CORALVILLE — Michelle Mont­gomery, youth minister at St. Thomas More Parish-Coralville, was so inspired by Megan McKenna’s presentation at a religious education conference last year that she hoped to bring the speaker/author to Iowa. Hope became reality when the nationally known McKenna gave presentations Oct. 3 and 4 at the Coralville parish.

Contributed Nationally known Catholic speaker and author Megan McKenna speaks to youths and adults at St. Thomas More Parish-Coralville Oct. 3.
Nationally known Catholic speaker and author Megan McKenna speaks to youths and adults at St. Thomas More Parish-Coralville Oct. 3.

The first presentation, for youths, focused on discipleship and how to follow Jesus. McKenna shared her life-lived stories, hoping to open the minds of the youths to see Scripture come alive. She told a story of traveling in Japan when she and a guide witnessed bullies knock over barrows of rice and push down a young, blind boy in charge of the barrows. The guide ran to the boy and gathered up all of the rice into the barrows, picked the boy up and brushed off the dirt from his clothing. McKenna said the boy leaned toward her and asked: “Who is this man who helped me? Is it Jesus?” McKenna told her listeners she hoped to be remembered as someone who could respond yes to the questions, “Am I Jesus to others?” “Am I a follower of the Lord?”

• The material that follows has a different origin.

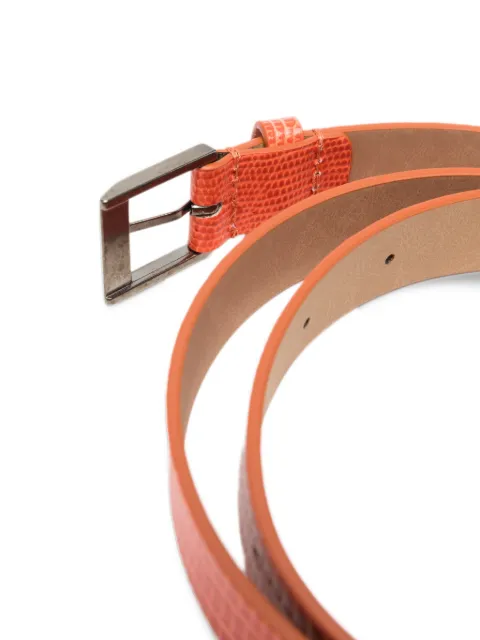 Iceberg lizard-effect buckle-fastening belt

In another story she shared, McKenna told of journeying in Africa on back roads and through the woods one night with a boy about 12 years old. He was pointing out different areas and explaining the culture and the violence he had witnessed. Then she heard people yelling and guns being fired in all directions. The boy pushed her into a huge hole and covered her body with his to protect her. The boy was killed. McKenna was deeply moved that a boy who really did not know her gave his life to save her.


A youth at the Coralville presentation asked how she dealt with that experience. She said she promised to live her life for this boy so that his life was not given in vain. “I tell the stories so others would understand that the importance of being a disciple does mean that I must be able to give my life away.”
The stories made an impression on the teens in Coralville. Here is a sample of their impressions of McKenna’s talk:

• Maeve Dunne of St. Thomas More said, “What really stuck with me was the story in Japan about the blind boy who asked the man who helped him if he was Jesus. It just makes me think that I want be someone who people say that about me … I need to really reach out to others to be Jesus to others. I need to take a closer look at myself and the way I live my life.”

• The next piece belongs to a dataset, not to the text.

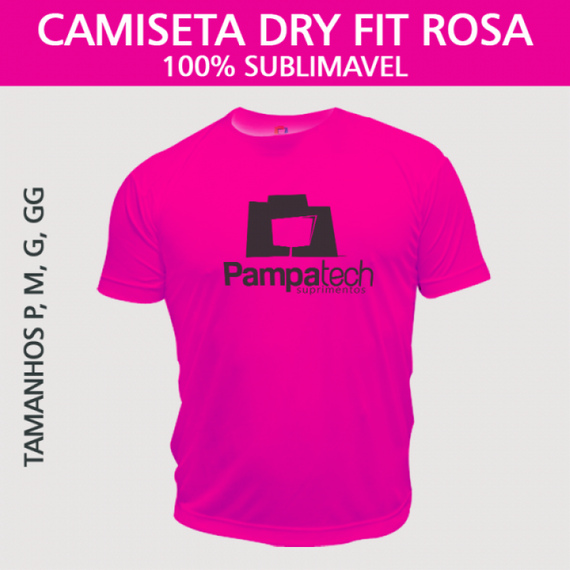 Camiseta Dry Fit Lisa - Tecido Rosa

• Katelyn Murhammer of St. Thomas More “developed a new understanding of what our religion should really mean to us and how it should help us grow with God.”

• Autum Phillips of St. Mary-Oxford said McKenna’s “words and stories make me want to learn so much more about God, and I am so excited to get confirmed and start living the life of a follower of God. I can start now.”

• Clare Dunne of St. Thomas More was really interested in how McKenna “has traveled around the world and experienced the different ways of living in different cultures … I also liked her stories. It showed me new ways to strengthen my relationship with God.”

• “I learned today that there is a huge difference between believing in Jesus and being a disciple of Jesus. We should live like he would want us to and give of ourselves,” said Jake Greenlee of St. Thomas More.

• Ryan Gudenkauf of St. Thomas More said that believing in Jesus isn’t enough to be a true follower. “You should treat others the way you would treat Jesus in order to be a true disciple. I will walk in those steps.”

The following day, McKenna hosted an adult session on “Wisdom: Seeing as God Sees and being Seen by God.” She discussed the Transfiguration and what it reveals to people of faith about prayer, seeing who God is and how to go back down the mountain to bring that glory and witness to others.

• St. Thomas More parishioner Evalee Mickey said McKenna led her to see the Gospels in a deeper way. “She is a really gifted storyteller. Her three-hour talk, which brought laughter and tears, was over far too quickly.”

• Retired diocesan priest Father Wally Helms said he has heard McKenna speak on numerous occasions, and believes she captures the spirit of Pope Francis’s appeal to listen to the voice of the poor.

“She has a gift about her that makes images come alive in her story telling,” Montgomery said.